More to come on this, I just wanted to get started thinking in writing about it.


( 9 comments — Leave a comment )
Jan. 18th, 2008 04:36 pm (UTC)
I will not feed public panic, and I will not be a pawn of the pharmaceutical companies who create diseases to sell drugs.

Funny you meantion this, two of my cow-orkers were just talking outside of my cube about this. One had high cholesteral. The other had that toe fungus that lamasil (sp) is suppose to cure, as well as restless leg syndrone.

The guy with the cholesterol problem looked at the side effects of lipitor and didn't want to take it. After conserable research, he tried dily niacin tablets. His cholesterol immediately dropped to below normal levels.

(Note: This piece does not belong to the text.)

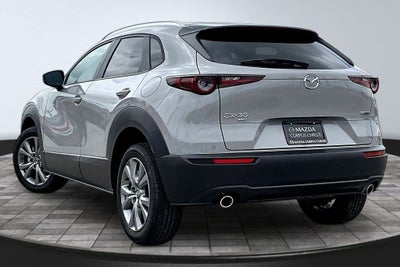 2026 Mazda Mazda CX-30 2.5 S Preferred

The other guy's doctor told him not to take lamicil (sp), that all he needed to do was rub Vix on his infected toe nails until the fungus was gone. It worked.

As for his restless leg thing, he didn't like what he read about the medication's side effects. So, he did some research. What he found claimed that he had a twin iron-potassium deficiency. So he started taking iron and potassium supplements, and a little while later his legs stopped doing there thing at night.
Jan. 18th, 2008 06:20 pm (UTC)
Yep. Good thing your cow-orkers =-] are paying attention to their options. If you believe big pharma you need to take lots of expensive drugs for the rest of your life to be happy in the least.
Jan. 18th, 2008 04:41 pm (UTC)
When I worked at the Large Pharmaceutical Company in England, it was in the flu clinical studies area. From what I understand, the flu always starts out in roughly the same place on earth each year(I don't know where), and travels. It takes a different form each year. The clinicians study the virus and race against the clock and the virus to develop a vaccine for Europe and the United States before it reaches those areas. It is a race against the clock every year, and they use the people in the poorer countries as the guinea pigs for their research. It is fascinating and sick, all at the same time. The flu vaccine is one of this company's biggest money makers.
Jan. 18th, 2008 05:16 pm (UTC)
Don't migrating geese and ducks spread it? It lives in their butts?
Jan. 18th, 2008 06:24 pm (UTC)
Swine. The 1918 flu has a variant that survives still in pigs. And ferrets can get it too. It's a big challenge finding animals to infect so you can study the disease.

They grow the viruses in chicken eggs.
Jan. 18th, 2008 06:23 pm (UTC)
Flus need dry air to travel in the air, that's why they usually travel in the winter. I don't know about it always starting in the same place---haven't gotten that impression. The different forms are variations on two proteins, and a new flu can vary on one or both proteins. Flus that have two new proteins are the hardest to stop.

No fair using poor people for guinea pigs! Looks like you don't want to tell us who you worked for?
Jan. 18th, 2008 06:30 pm (UTC)
Some novels and movies have dealt with the use of populations in poorer countries as the guinea pigs. An especially angry book about this is John Le Carre's The Constant Gardener.
Jan. 18th, 2008 08:04 pm (UTC)
I saw the film, haven't read the book. The film was quite good.
Jan. 18th, 2008 10:12 pm (UTC)
Le Carre is often angry at the British foreign service, the Americans, the West, the Israelis -- which has been seen as a typical british leftist knee jerk reaction. On the other hand, testing populations of the poorest countries -- especially in Africa -- is a dirty little secret in the pharmaceutical business as you know. I fear that industries will always look for a way around human subject restrictions for cheaper alternatives just because there are countries they can go to in order to do so.